Me: oh…..<sheepish> a priest…
Kid: I’m Undead Warlock! Dude! <calls out to other kid> She plays WoW!
Other kid: What?
<unintelligible shoutings back and forth of I don’t know what but it had something to do with the armory…and the fact that Kid1 was still level 72, and he was denying it…>
Then, I went to Mrs. M’s class
Mrs. M: Do you play World of Warcraft?……
Me: Yes…
Mrs. M: I’m a WoW widow…….okay???? It’s…..it’s just….wow. I catch him sneaking around to play that game…he gets together with his friends, because they work at Blizzard…
Me: >_<
Girl: ooh my brother plays too, he used to play Everquest also…
I think if you got all the WoW players together, they would be a small country…like Sweden or something. That might have changed since last year by now though. A little bigger. Soon, nobody will do anything but play in the alternate reality of WoW. Raiding is a full-time job and we’ll be fed by tubes in our chairs. And conflicts between countries will be resolved by 5-man arenas.
Mad about math
So I’m walking around in one of my classrooms, and this girl is doing binomials.
(x^2 – 2x – 15)
Okay, so we know the answer is (x+3) (x-5), but this girl had the signs mixed up for many of her answers, and she was rewriting them on her homework. Plus for minus, and minus for plus.

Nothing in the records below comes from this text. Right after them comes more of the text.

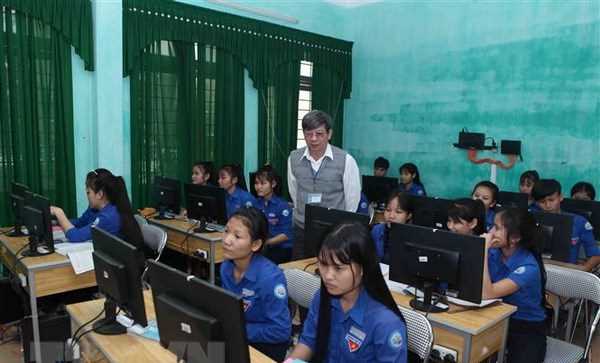 Khoa học công nghệ ưu tiên đến nông dân, đồng bào dân tộc thiểu số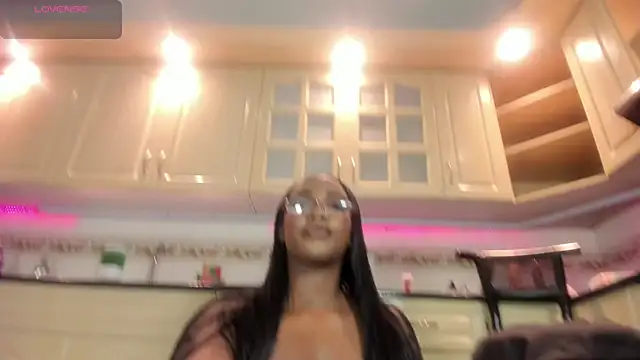 ReinaMiah online show from 7, 11, 2025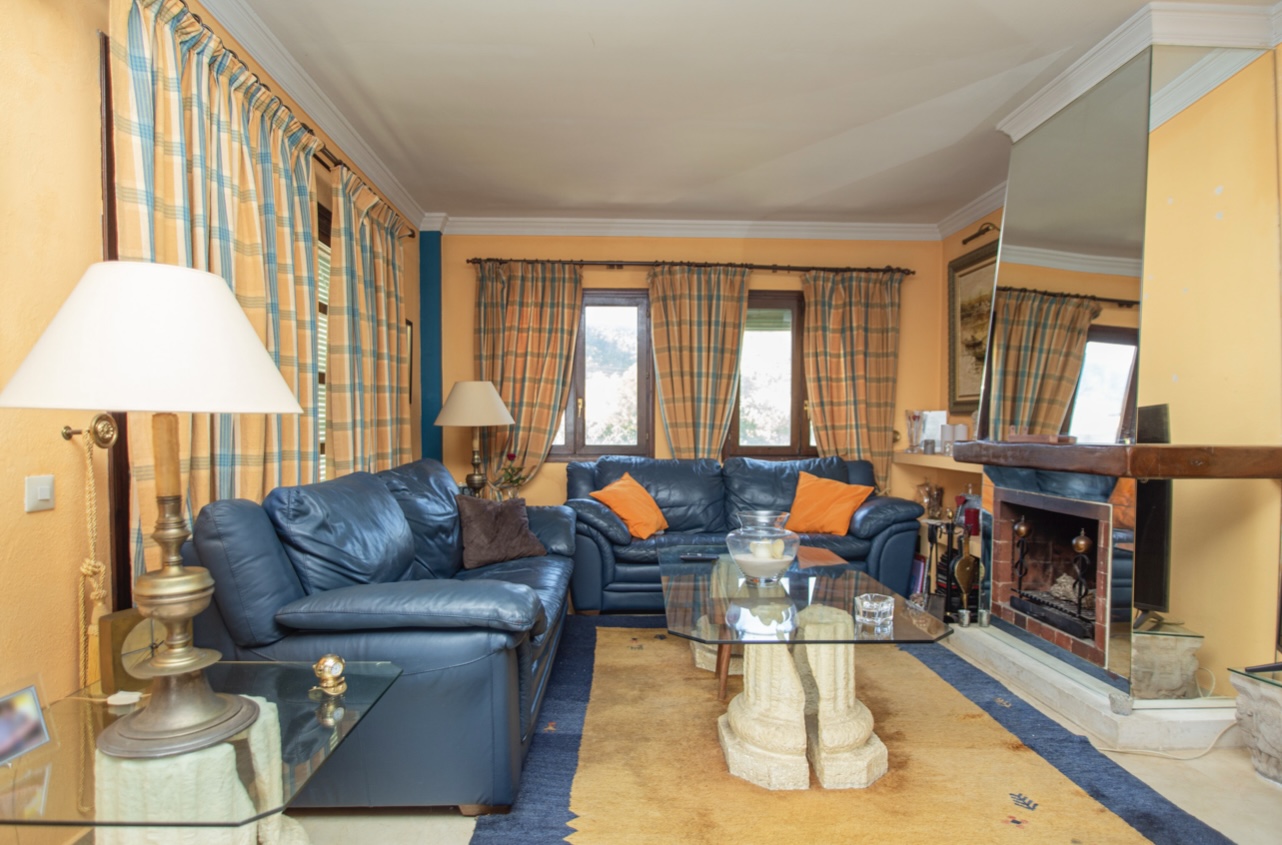 Chalet pareado en venta en Valdeolletas-Las Cancelas-Xarblanca- Marbella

So I’m looking over her shoulder, and I ask
Me: Hey, so what’s going on here?
Girl: Ooh I just got these signs wrong, I mixed it up.

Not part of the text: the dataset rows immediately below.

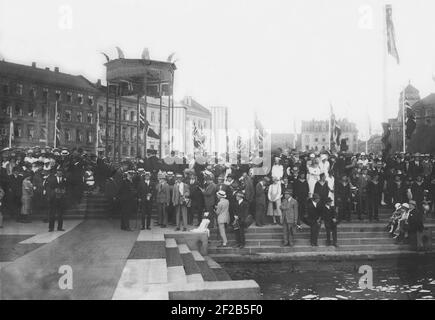 Roald Amundsen. Norwegischer Polarforscher. 1872-1928. Er versuchte, den Nordpol mit einem Flugzeug 1925 zu erreichen, und hier warten Leute in Bergen Norwegen auf seine Rückkehr am 5 1925. juli. Stockfoto
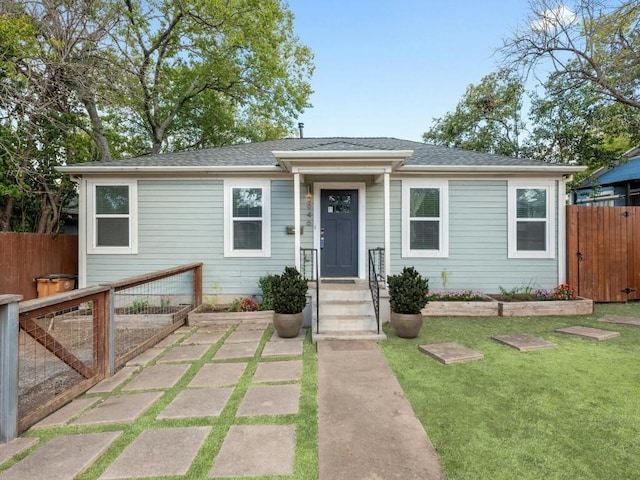 view of front of house with a front yard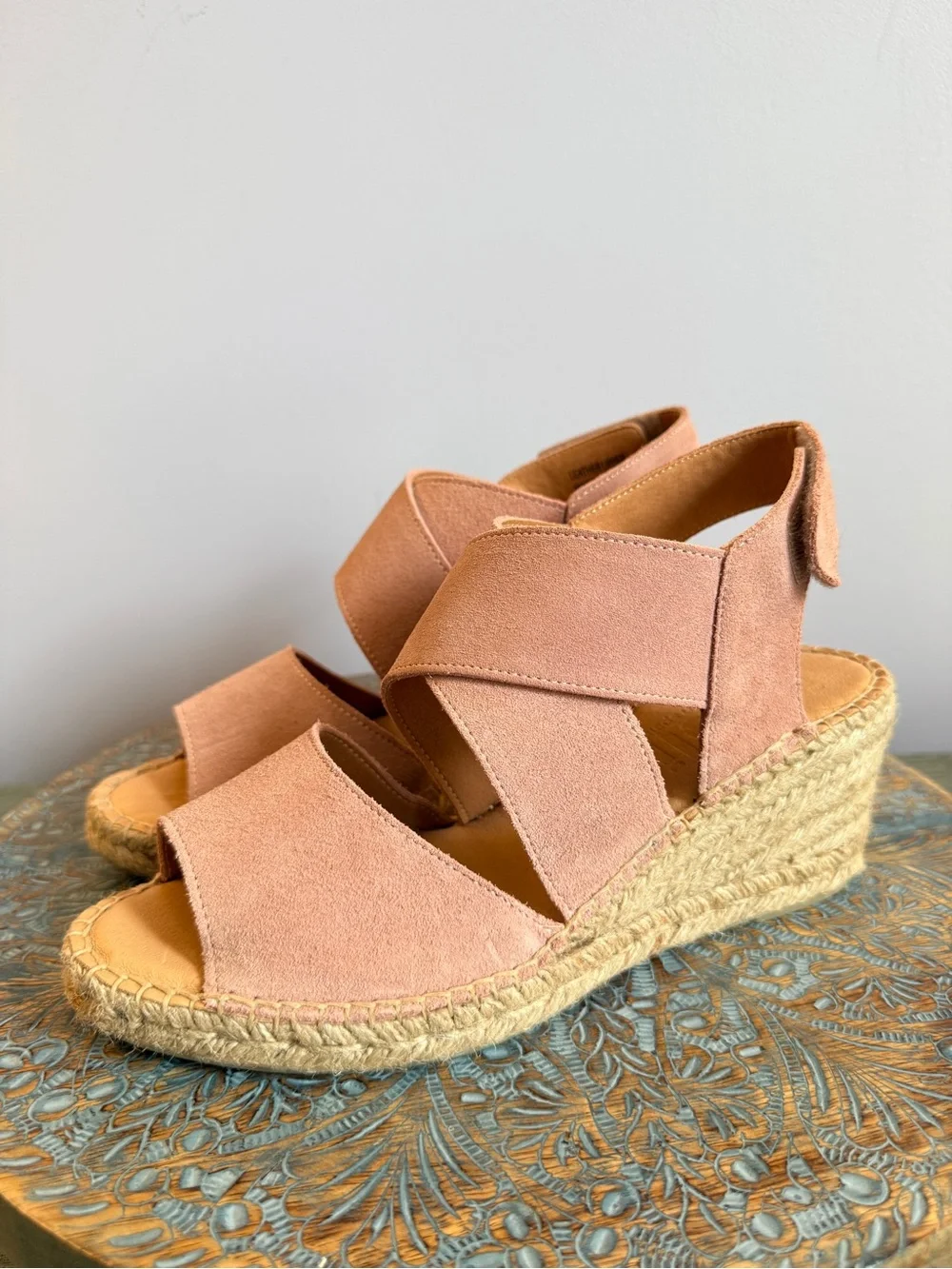NWT! Jutelia pale pink suede wedge heel espadrilles size 39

Me: …so…what happened, do you understand it now?
Girl: oh, yeah, if they are both negative in the question, then the answer will have a negative and positive, I forgot and made them both negative…
Me: …..(wth…)…so wait, you’re just looking at the signs to determine what the signs in the answer will be?
Girl: Well, yeah, that’s what our teacher told us…
Me: (….what kind of lame cheap shortcut is this teacher teaching?) So, you understand that you have to find two numbers that multiply to the 3rd number, but add up to the 2nd number right? -5 and +3 multiply to -15 but add up to -2, that’s why you use those signs, not because of just memorizing how they should be. You should know why they are like that…
Girl: …….mm..yeah…
Me: You can also check your work by foiling again to make sure you get the right numbers too…then you’ll know for sure you have the right signs…
Girl:…well..yeah..i mean…but our teacher told us we could just do it like this…
And that, my friends, is why I get depressed working at schools sometimes. But! I’m glad I got to snap some of these kids out of it. You know some kids aren’t even writing their math homework correctly, working horizontally instead of vertically? With lines written haphazardly in different areas of the paper? It kills me when I see it and it makes it hard for me and the student to follow. Did no one teach them an organized and logical way to do their math? Grrrrrrr…I’m dedicating a lesson to how to write in good math format when I’m a teacher.
And then?
So I was walking around tutoring again, and I pass by this kid I’ve known since last year, who likes to talk to me sometimes, or hail me down for a question that he might not actually need the answer to.
Kid: Want to hear a joke?
Me: Sure!
Kid: (to Kid 2 across the table) Hey I’m going to tell her that joke…about the…
Kid 2: Nono…don’t! don’t……don’t!
Kid: (shaking head) no, I’m gonna do it.
Me: <Attentive and alert!>
Kid: So, there is a farmer and he has a donkey, and he wants to make his donkey laugh but he can’t. So he tells the village that he’ll pay 600 gold to anyone who can get him to laugh, and everyone fails, except for one guy, and he gets the donkey to laugh. But then the donkey can’t stop laughing and the farmer tries to get him to stop but he can’t. So he tells the village he’ll give anything 600g who can get the donkey to stop laughing, and everyone fails, except for the guy who got the donkey to laugh in the first place. So the farmer asks the guy how he did it, and
Kid 2: Noooo no…don’t do it….
Kid: I…..I can’t…..I can’t…..No, nevermind…I can’t say it….<turns away from me>
Me: …..@_@……(and?!?!)
Sigh…I really am in this position right? Try to connect with kids but still am apart.